Section 2 of 5 · 14 min read
Cleaning Data with AI
AI demos use clean data. Real climate data doesn't look like that. Emissions inventories with different base years. Finance spreadsheets where "million USD" sometimes means 2020 prices and sometimes means current prices, unlabeled. The skill isn't getting AI to clean data — it's knowing what it might break without telling you.

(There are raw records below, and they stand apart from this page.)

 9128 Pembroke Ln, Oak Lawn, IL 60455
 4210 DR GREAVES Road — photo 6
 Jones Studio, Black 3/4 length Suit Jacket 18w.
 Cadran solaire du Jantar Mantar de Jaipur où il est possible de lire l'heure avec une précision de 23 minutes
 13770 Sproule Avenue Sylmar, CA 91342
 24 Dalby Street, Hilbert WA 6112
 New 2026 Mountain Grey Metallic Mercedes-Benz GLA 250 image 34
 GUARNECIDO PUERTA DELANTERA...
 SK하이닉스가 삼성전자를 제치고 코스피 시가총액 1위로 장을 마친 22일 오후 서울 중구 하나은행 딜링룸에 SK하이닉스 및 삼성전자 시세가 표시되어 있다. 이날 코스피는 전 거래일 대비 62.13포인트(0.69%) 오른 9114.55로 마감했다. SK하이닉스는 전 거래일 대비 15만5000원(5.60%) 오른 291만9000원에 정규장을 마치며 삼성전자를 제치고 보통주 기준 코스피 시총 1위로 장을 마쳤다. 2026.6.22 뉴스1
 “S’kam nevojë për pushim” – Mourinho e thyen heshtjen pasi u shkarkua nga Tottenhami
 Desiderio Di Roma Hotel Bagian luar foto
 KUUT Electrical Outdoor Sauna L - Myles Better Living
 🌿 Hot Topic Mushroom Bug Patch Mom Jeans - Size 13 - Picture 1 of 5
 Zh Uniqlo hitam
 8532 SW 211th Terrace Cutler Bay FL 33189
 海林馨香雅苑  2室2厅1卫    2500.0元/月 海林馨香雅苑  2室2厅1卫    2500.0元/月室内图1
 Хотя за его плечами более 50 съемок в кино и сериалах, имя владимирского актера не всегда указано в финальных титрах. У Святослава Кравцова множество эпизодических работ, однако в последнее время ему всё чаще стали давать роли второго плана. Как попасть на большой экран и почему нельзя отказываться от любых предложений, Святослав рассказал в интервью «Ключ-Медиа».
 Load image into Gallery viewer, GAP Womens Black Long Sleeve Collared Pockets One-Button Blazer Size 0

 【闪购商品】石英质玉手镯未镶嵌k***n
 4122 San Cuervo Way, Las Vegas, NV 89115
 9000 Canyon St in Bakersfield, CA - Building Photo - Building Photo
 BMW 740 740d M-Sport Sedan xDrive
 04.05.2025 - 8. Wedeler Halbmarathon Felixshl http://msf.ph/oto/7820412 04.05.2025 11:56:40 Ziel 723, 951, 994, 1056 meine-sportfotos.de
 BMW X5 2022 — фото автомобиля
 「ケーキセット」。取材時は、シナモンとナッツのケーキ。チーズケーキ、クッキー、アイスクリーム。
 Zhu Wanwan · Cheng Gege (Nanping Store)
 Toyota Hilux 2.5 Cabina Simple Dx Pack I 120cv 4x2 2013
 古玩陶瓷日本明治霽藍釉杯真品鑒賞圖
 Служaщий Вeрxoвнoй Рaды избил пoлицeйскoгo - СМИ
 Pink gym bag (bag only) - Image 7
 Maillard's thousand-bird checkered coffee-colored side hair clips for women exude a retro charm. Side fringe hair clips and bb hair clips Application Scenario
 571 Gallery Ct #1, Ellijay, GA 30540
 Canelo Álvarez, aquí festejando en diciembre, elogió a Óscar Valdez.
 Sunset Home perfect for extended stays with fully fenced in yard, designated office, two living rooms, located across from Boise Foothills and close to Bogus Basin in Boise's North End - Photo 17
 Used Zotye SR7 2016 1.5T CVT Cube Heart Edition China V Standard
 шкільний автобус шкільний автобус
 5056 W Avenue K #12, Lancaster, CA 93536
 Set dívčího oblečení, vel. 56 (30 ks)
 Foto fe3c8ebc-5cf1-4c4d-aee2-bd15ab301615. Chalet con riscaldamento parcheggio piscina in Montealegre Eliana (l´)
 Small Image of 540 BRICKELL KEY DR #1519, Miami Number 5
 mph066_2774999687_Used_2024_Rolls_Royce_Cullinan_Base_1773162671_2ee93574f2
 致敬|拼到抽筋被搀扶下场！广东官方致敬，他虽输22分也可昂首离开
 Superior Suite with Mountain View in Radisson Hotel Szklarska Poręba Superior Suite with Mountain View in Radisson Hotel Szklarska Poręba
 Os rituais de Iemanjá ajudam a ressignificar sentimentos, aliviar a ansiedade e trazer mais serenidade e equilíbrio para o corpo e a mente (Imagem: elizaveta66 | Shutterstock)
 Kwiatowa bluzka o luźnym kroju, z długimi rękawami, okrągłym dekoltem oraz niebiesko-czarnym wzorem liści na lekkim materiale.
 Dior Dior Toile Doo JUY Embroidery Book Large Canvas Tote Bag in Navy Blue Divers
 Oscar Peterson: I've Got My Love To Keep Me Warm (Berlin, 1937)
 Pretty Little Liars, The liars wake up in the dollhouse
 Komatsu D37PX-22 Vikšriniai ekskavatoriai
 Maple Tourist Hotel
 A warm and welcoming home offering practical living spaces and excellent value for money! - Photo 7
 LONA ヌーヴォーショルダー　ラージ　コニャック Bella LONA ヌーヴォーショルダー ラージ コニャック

The gap between demos and reality
A 2018 paper in Nature by Resplandy et al. claimed the oceans had warmed 60% more than previously thought — a finding that made headlines worldwide. Within weeks, an independent researcher found that the uncertainty calculations in the data processing step were wrong. The raw ocean measurements were fine; the cleaning and processing introduced the error. The paper was retracted. The outputs had looked entirely credible.
AI will process flawed data without flagging issues. It will produce charts, calculate averages, and identify trends from bad input. The outputs will look credible. This is why data cleaning comes before analysis, not after — and why you are always the editor reviewing AI's work, not the recipient of it.
The right workflow: have AI describe the problems before it fixes anything. "Before we clean anything: tell me every data quality issue you can see. Don't fix anything yet — just report."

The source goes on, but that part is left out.